Feb 3, 2008

Waiting In Dunkirk

From The Post-Journal of Jamestown, NY:
DUNKIRK — Chances are you may have filed a social security disability claim and either healed from the injury, or worse, before you ever received a check. Congressman Brian Higgins, 27th Congressional District of New York, visited the City of Dunkirk Senior Citizen Center on Friday morning to announce his proposed bill which could help alleviate several problems at the social security administration level.

“There is just an unacceptable back-log in social security disability claims and other services that people depend on here in Chautauqua County. I have a bill that I’ve introduced — with a lot of co-sponsorship — that would exercise congressional oversight over the social security administration,” Higgins said. “They have cut staffing, they have cut hours and they’re essentially cutting services and it’s unacceptable at a time where the claims for benefits are actually increasing.” ...

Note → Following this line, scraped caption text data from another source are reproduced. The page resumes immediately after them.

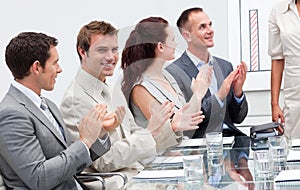 Business people applauding a colleague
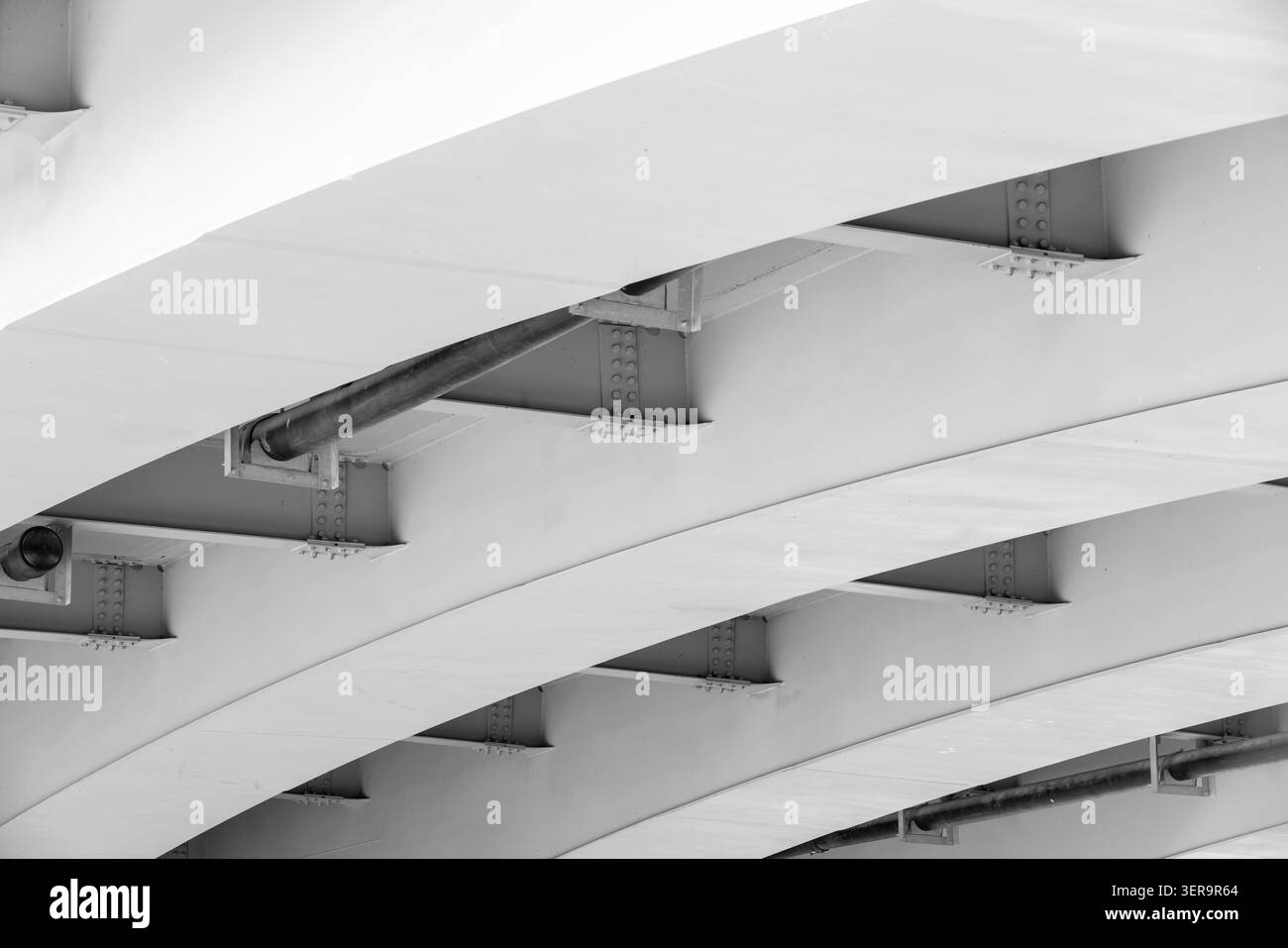 Unter einer modernen Stahlbrücke erzeugen sich wiederholende, geschwungene Stützbalken und genietete Bögen ein auffälliges monochromes Muster. Minimale architektonische Details Stockfoto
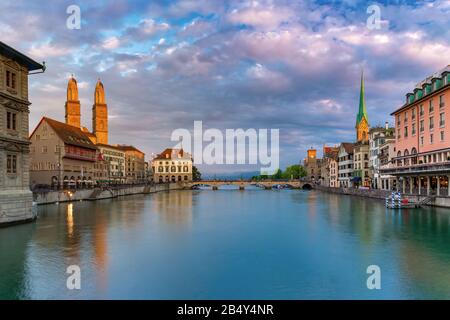 Famose chiese Fraumunster, Grossmunster e Wasserkirche lungo il fiume Limmat all'alba nel centro storico di Zurigo, la città più grande della Svizzera Foto Stock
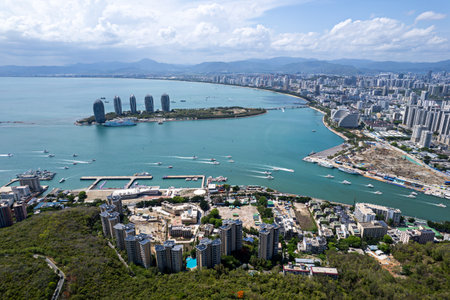 Hainan Sanya Bay architecture urban landscape. Luhuitou Park. Sanya bay. Excellent tourism destination for summer vacation by the sea top view from aboveの写真素材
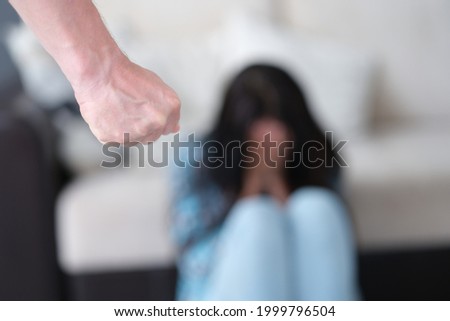 Man stands with fist clenched against background of crying woman Royalty-Free Stock Photo #1999796504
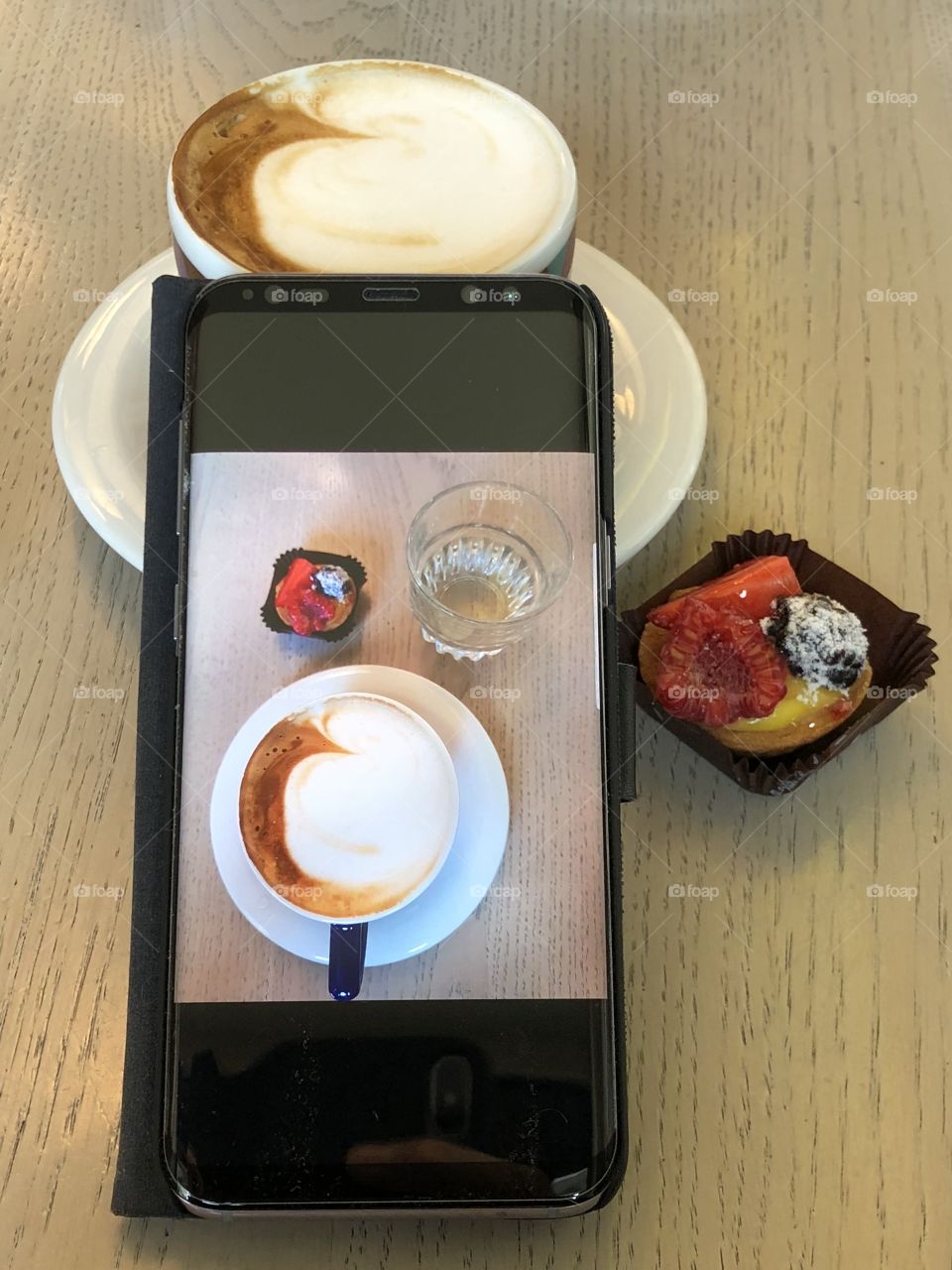 Breakfast with cappuccino, fruits pastry and a smartphone at the bar 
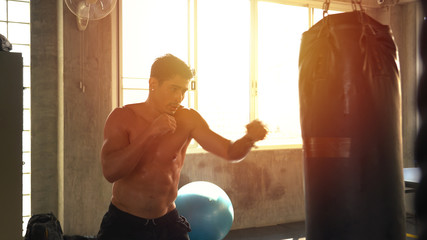 Young man boxing workout - Powered by Adobe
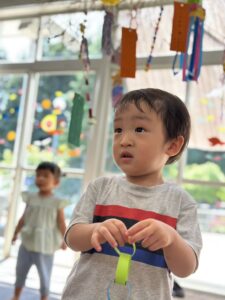 Young child in a gray shirt with red/black/blue stripes holds a bright green ribbon toy in a colorful indoor play area with hanging paper decorations; another child blurred in the background.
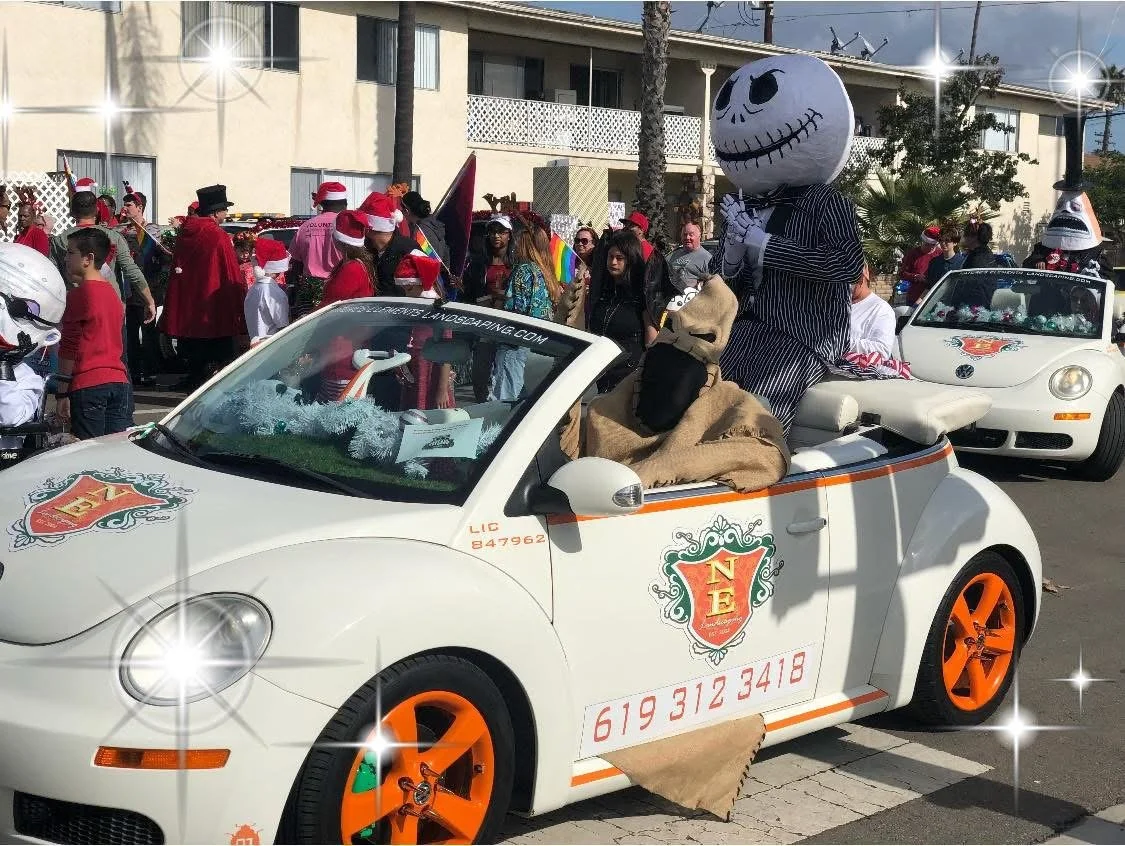 A parade with people dressed in holiday costumes, including Santa hats. There are decorated cars, one of which features a large skeleton mascot and a dog-like figure. Many spectators are along the street, some wearing Nightmare Before Christmas parad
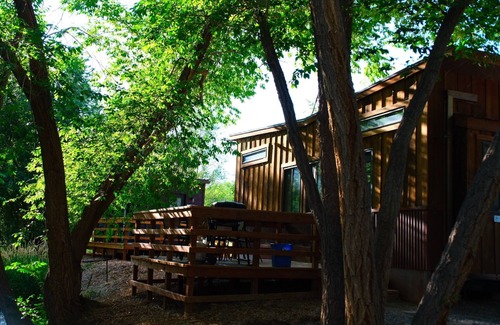 Montrose House | Tiny home located beside a creek.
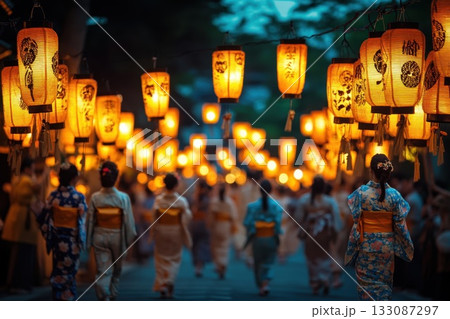Celebration of traditional culture with kimono-clad individuals walking under illuminated lanterns during a summer festival in Japan Celebration of traditional culture with kimono-clad individuals walking under illuminated lanterns during a summer festival in Japan 133087297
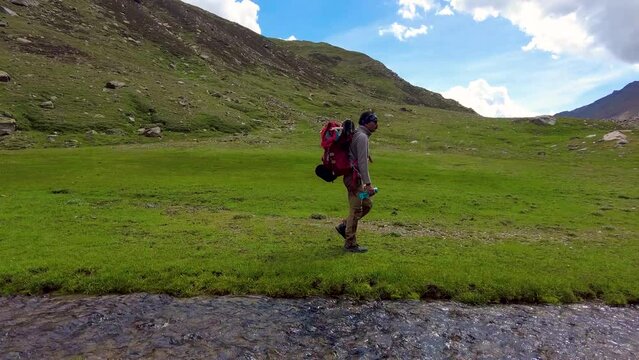 Video of Man walking beside a stream in Ghepan Ghat, Lahaul, Himachal Pradesh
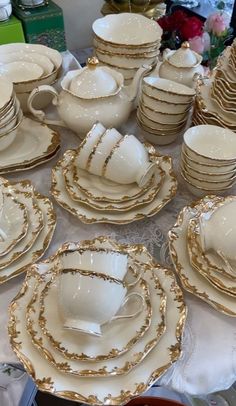 a table topped with lots of white and gold china plates, cups and saucers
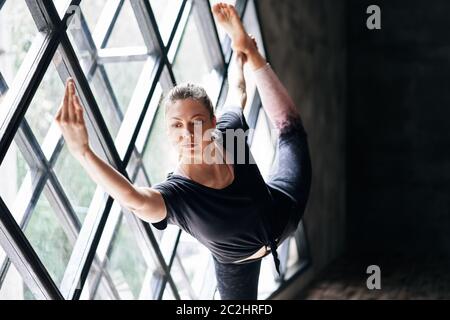 Young beautiful woman doing yoga asana natarajasana on large triangular window background Stock Photo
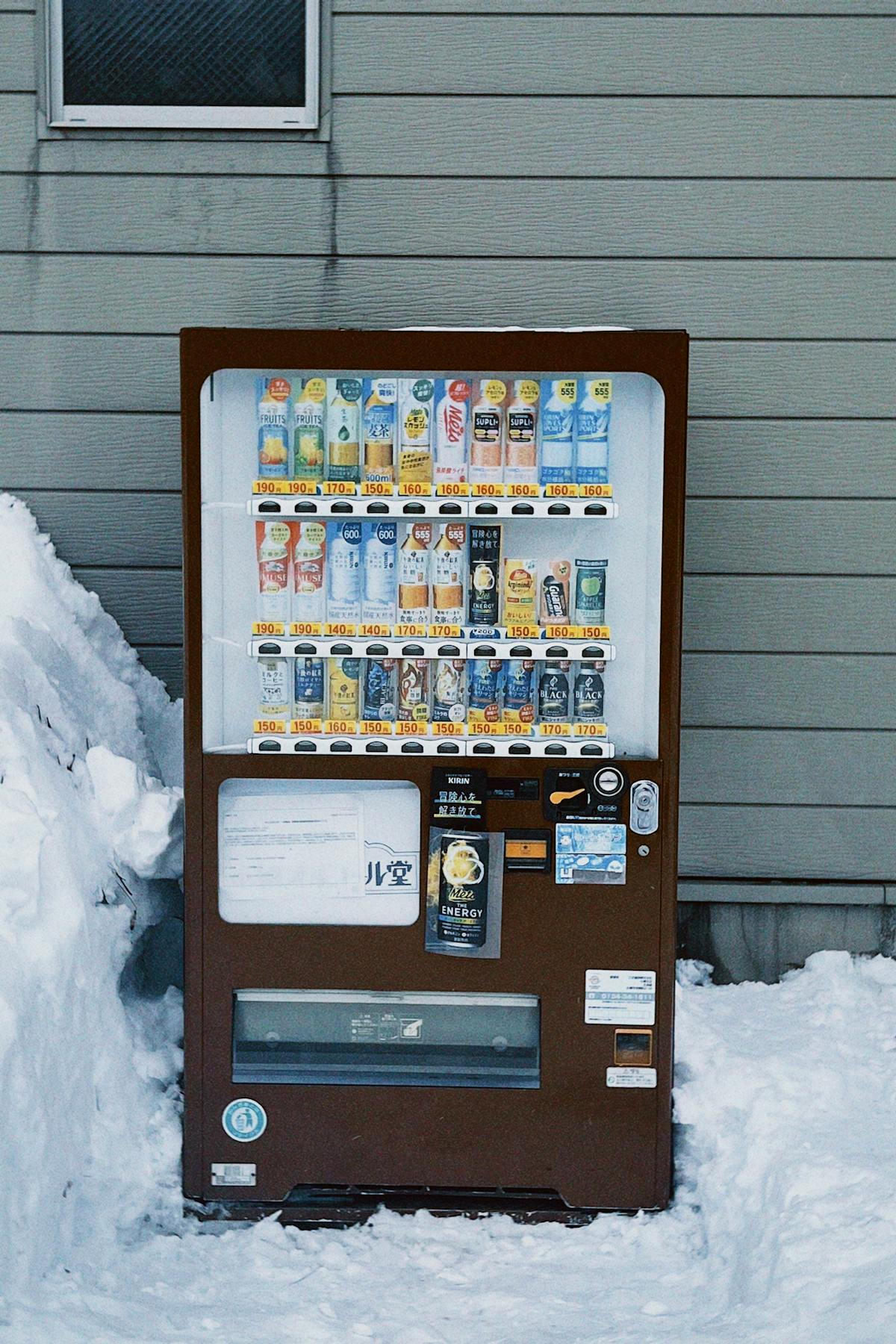 Japanese vending machines lit up on a snowy street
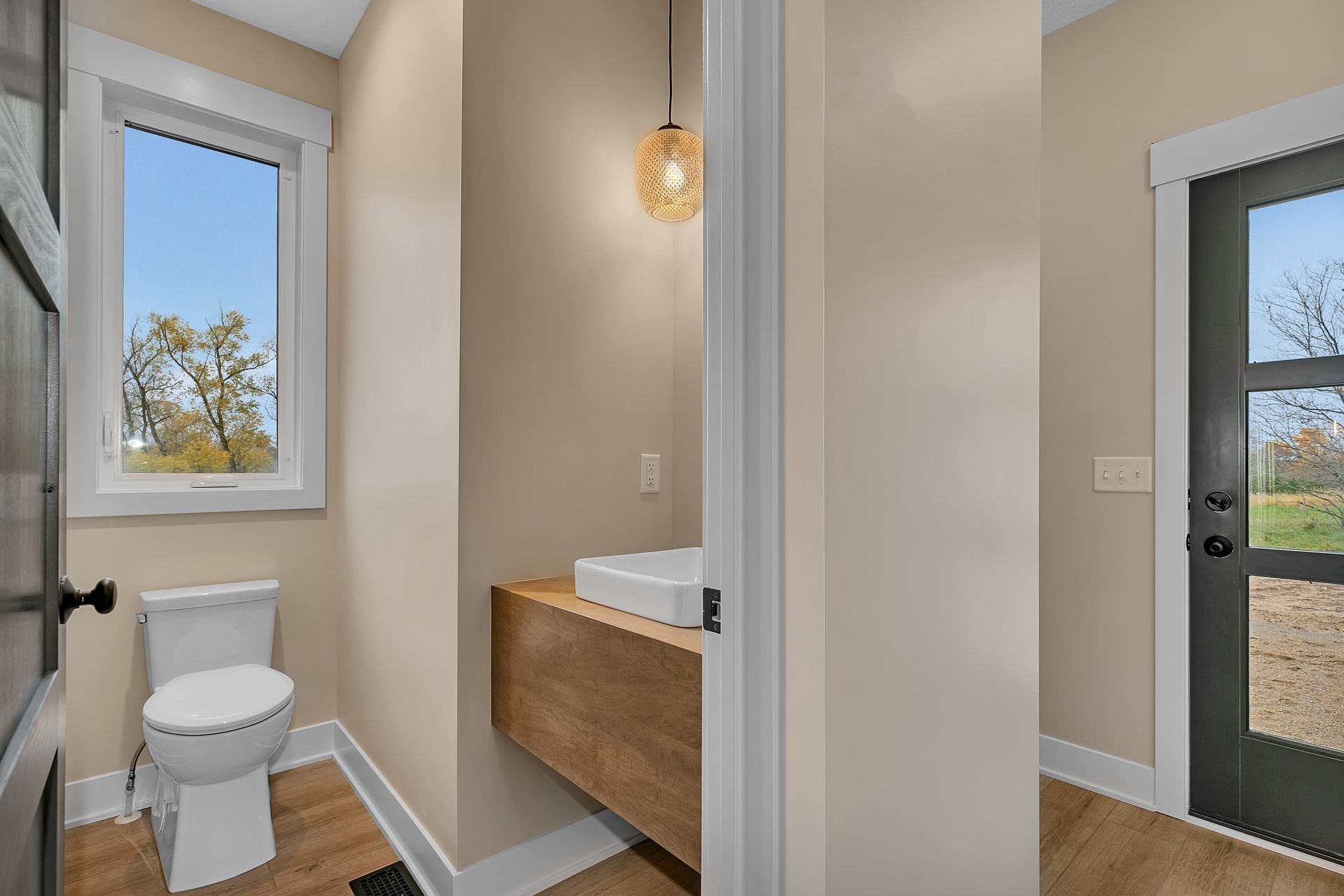 A bathroom with a toilet , sink and window.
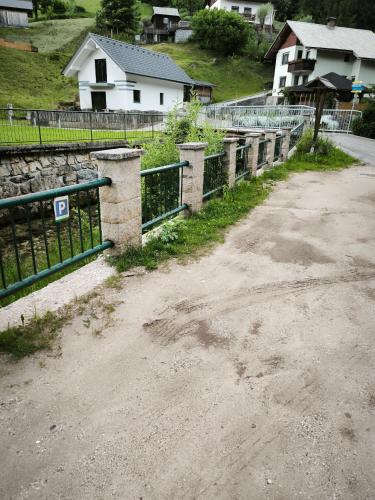 a dirt road with a fence and a house at Apartment Tarman in Jesenice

“We have lost staff by more than 50 percent. However, the work that we do continues to increase,” added AFGE Local 3342 President Paul Demler. “The population is not going away. It’s growing and we’re expecting over the next few years the effect of the baby-boom generation is going to increase our services by approximately 30 to 40 percent.”

Downfalls for SSA were noted as offering unreliable office hours for local administration offices and, worst of all, untimely with the processing of claims. ...

Under the SSA’s current plan, Demler says the Dunkirk office would actually close before it hired one new employee.

“Currently, the agency only has a plan to replace employees who leave at a 1:8 ratio, meaning it would require eight employees to leave before another is hired,” he said. “If you think of Dunkirk, there’s only 6 employees, they would close before ever considering to hire another employee under the 1:8 ratio. Jamestown would be down to two or three employees.”

1 comment:

Anonymous said...

Most Field office in upstate NY have lost one-half to two-thirds of their staff in the past 25 years, in the face of rising workloads. There are literally unmanned desks piled with cases not being worked because of staffing cutbacks. Offices have been reduced from over 30 employees down to as few as 10, leaving them vulnerable to closure as being "too small". If they closed, they will have to rent trucks to carry the folders to some other office which will itself be understaffed.